Besser wäre es natürlich wenn die ExtJS Jungs das passend liefern würden.
Ansonsten haste nämlich auch das Problem, dass du bei neuen ExtJS-Versionen dein JSF-Zeugs nachziehen musst.
Würd da einfach mal anfragen ob was in Planung ist.


----------



## miketech (18. Mrz 2008)

Hi,

nein ein Grid > 1000 Zeilen habe ich noch nicht getestet.

Es gibt bereits ein Projekt, was versucht hat ExtJS mit JSF zu verbinden mit Namen lilya. Allerdings wird das glaube ich nicht mehr weiterentwickelt.

Bei JSF hat man halt Request, Application etc. Scope. Ist die Frage, ob das für solche Anwendungen geeignet ist und man überhaupt so programmieren möchte. GWT verschattet sowas und man entwickelt im Grunde seine Anwendung mit Listenern etc. wie man es von Swing her kennt.

Gruß

Mike


----------



## Terminator (18. Mrz 2008)

> nein ein Grid > 1000 Zeilen habe ich noch nicht getestet.

Zellen net Zeilen 
Glaub 1000 Zeilen hab ich noch nirgens gebraucht.


> Bei JSF hat man halt Request, Application etc. Scope.

Hm weiss jetzt nicht wie das GWT macht, also ich find schon gut wenn man überlegt in welchen Scope man n Objekt schmeisst.
Mein RAM auf dem Server ist ja auch begrenzt.
Leider in JSF auch viel zu oft SessionScope notwendig.


----------



## robertpic71 (18. Mrz 2008)

Terminator hat gesagt.:
			
		

> Zellen net Zeilen
> Glaub 1000 Zeilen hab ich noch nirgens gebraucht.


Eigentlich sollten 1000 Zeilen kein Problem sein - aber die Praxis sagt oft was anderes. Der gleiche Output, welcher bei Opera 1 Sekunde dauert, braucht am IE über 30 Sekunden....
Je nach Framework kann das Paging recht einfach zugeschaltet werden (z.B. ZK eine Zeile für das Paging)



			
				Terminator hat gesagt.:
			
		

> Hm weiss jetzt nicht wie das GWT macht, also ich find schon gut wenn man überlegt in welchen Scope man n Objekt schmeisst.
> Mein RAM auf dem Server ist ja auch begrenzt.
> Leider in JSF auch viel zu oft SessionScope notwendig.

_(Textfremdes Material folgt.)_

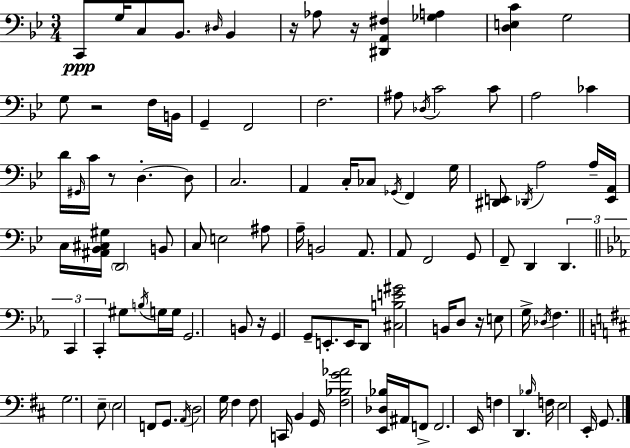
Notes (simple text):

C2/e G3/s C3/e Bb2/e. D#3/s Bb2/q R/s Ab3/e R/s [D#2,A2,F#3]/q [Gb3,A3]/q [D3,E3,C4]/q G3/h G3/e R/h F3/s B2/s G2/q F2/h F3/h. A#3/e Db3/s C4/h C4/e A3/h CES4/q D4/s G#2/s C4/s R/e D3/q. D3/e C3/h. A2/q C3/s CES3/e Gb2/s F2/q G3/s [D#2,E2]/e Db2/s A3/h A3/s [E2,A2]/s C3/s [A#2,Bb2,C#3,G#3]/s D2/h B2/e C3/e E3/h A#3/e A3/s B2/h A2/e. A2/e F2/h G2/e F2/e D2/q D2/q. C2/q C2/q G#3/e B3/s G3/s G3/s G2/h. B2/e R/s G2/q G2/e E2/e. E2/s D2/e [C#3,B3,E4,G#4]/h B2/s D3/e R/s E3/e G3/s Db3/s F3/q. G3/h. E3/e E3/h F2/e G2/e. A2/s D3/h G3/s F#3/q F#3/e C2/s B2/q G2/s [F#3,Bb3,G4,Ab4]/h [E2,Db3,Bb3]/s A#2/s F2/e F2/h. E2/s F3/q D2/q. Bb3/s F3/s E3/h E2/s G2/e.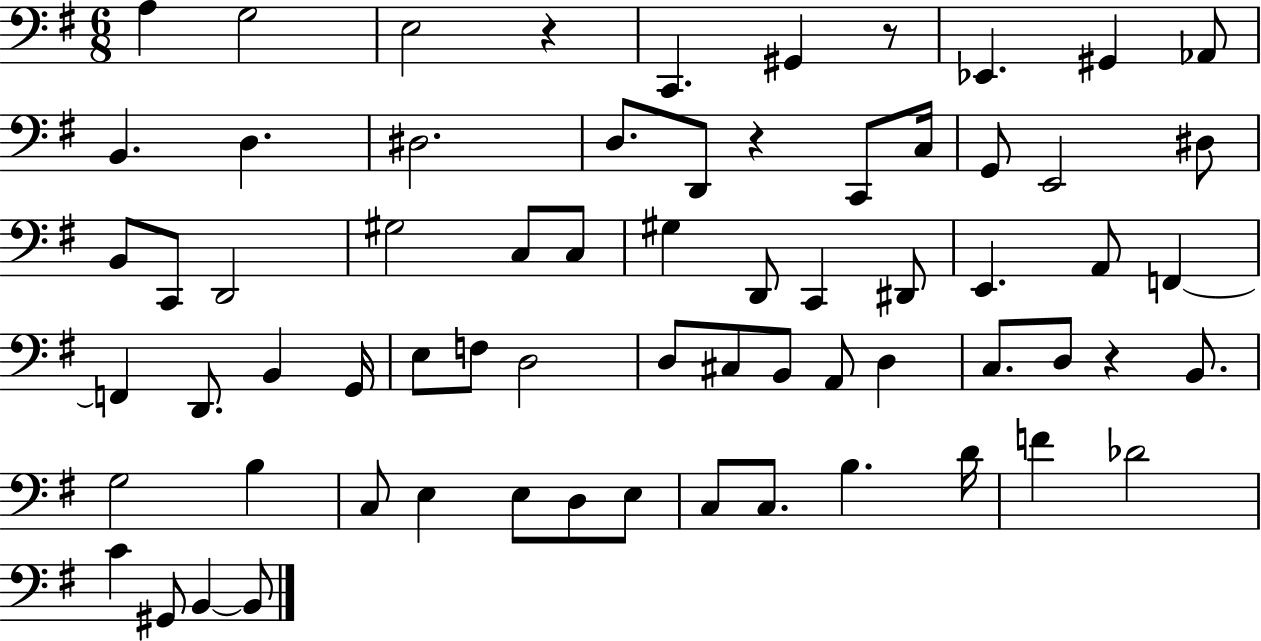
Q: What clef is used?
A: bass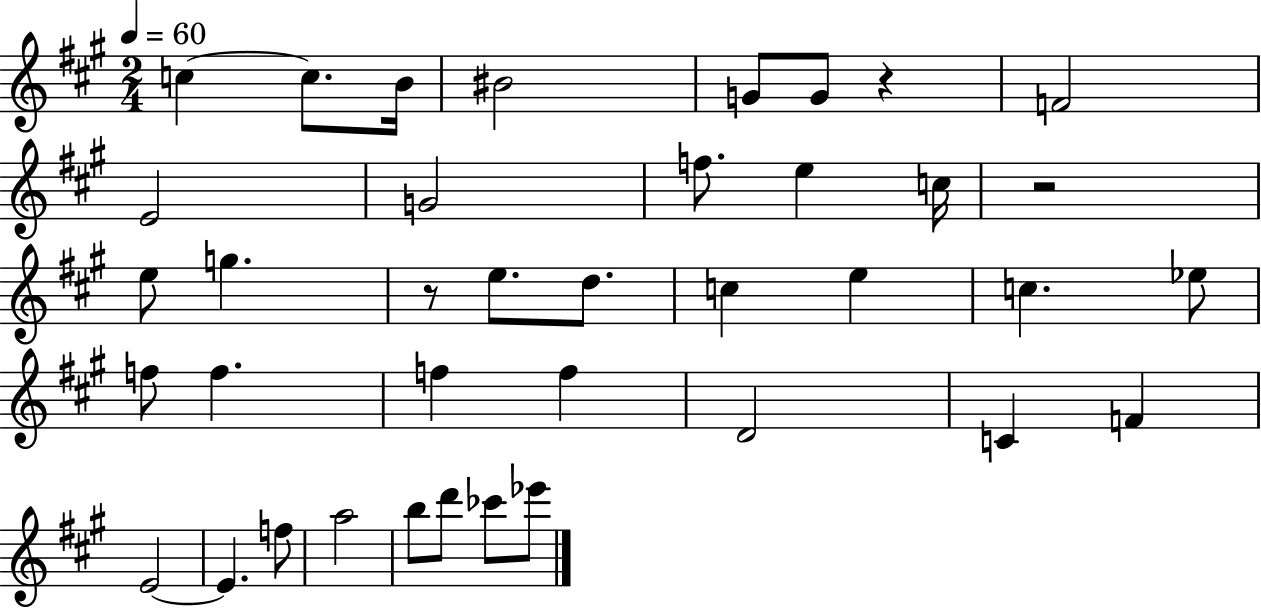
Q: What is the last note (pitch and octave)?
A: Eb6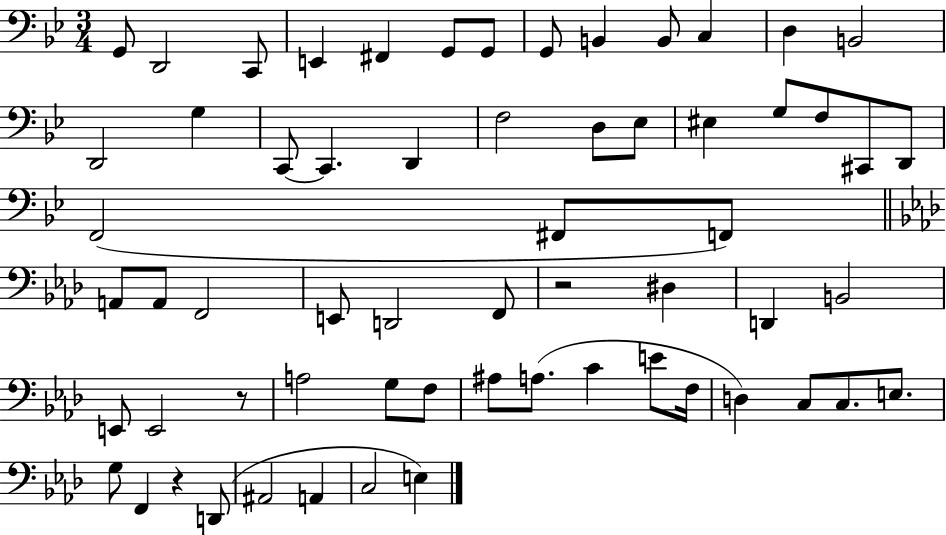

Wenn RAM-Verbrauch auf dem Server ein Thema ist, bist du wohl mit GWT gut beraten. Hier schreibst du den Client-Teil in Java (der dann später in Javascript übersetzt wird) und kommunzierst über SOA-Funktionen mit dem Server. Du weißt also immer, was im Browser läuft und was am Server. Was ich an GWT etwas vermisse sind die Funktionen für Datenbanklastige Anwendungen ala Databinding und MVEL.

Noch zu JSF:
Wird auch mit Ajax die meist benutzte Lösung werden/bleiben. Dabei wird das ohnehin schon komplexe JSF nochmal um AJAX-Zusätze "verkompliziert" - also meine Vorstellung von schneller Softwareentwicklung ist das nicht.

Das Problem mit den Ajax-Frameworks ist eigentlich nur, dass es zu viele davon gibt. Kaum ein Thread zu dem Thema, wo einmal 2 Leute das selbe Ajax-Framework verwenden....

So habe auch ich meinen eigenen Favoriten: ZK
Die Komponenten sind ähnlich wie bei extJS, es gibt sogar von extJS eingebundene.
Beim Programmieren gibt es keine Unterscheidung ich mache jetzt Server oder Client - programmieren wie für Desktop.
Die GUI kann per XML oder Java (ähnlich Swing) beschrieben werden. Hier mögen sich die Geister scheiden - aber ich bevorzuge die XML-Tags. Es ist einfach eleganter (und weniger Code) wenn ich z.B. bei einem Button einfach nur die Methode angeben brauche (Listener macht er selber).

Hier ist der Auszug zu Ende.